Food for thought: What GERD means for digging in on Thanksgiving

Posted November 21st, 2016 by

It’s GERD Awareness Week — and it’s also Thanksgiving week. To a lot of folks, this means a holiday feast with all the trimmings: turkey, stuffing, mashed potatoes, pies and other rich foods. But for people living with gastroesophageal reflux disease — over 4,650 here at PatientsLikeMe — it might mean something different.

The most common symptom of GERD is heartburn, but others include difficulty swallowing, hoarseness, sensation of food sticking in the esophagus, chronic sore throat, wheezing or chronic cough.* And while food doesn’t cause GERD, it can aggravate these symptoms.

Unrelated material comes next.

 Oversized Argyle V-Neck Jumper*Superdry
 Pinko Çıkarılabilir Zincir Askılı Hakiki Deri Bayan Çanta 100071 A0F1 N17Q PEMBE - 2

So what does this mean for eating on Thanksgiving? Here are a few tips from the International Foundation for Gastrointestinal Disorders (IFFGD):

  1. Eat dinner earlier
  2. Season lightly
  3. Pass on deep frying your turkey
  4. Eat slowly
  5. Drink more water (and less soda and alcohol)

If you or a loved one is living with GERD, what Thanksgiving tips and GERD-friendly recipes can you share? Hop in the forum and get a conversation going.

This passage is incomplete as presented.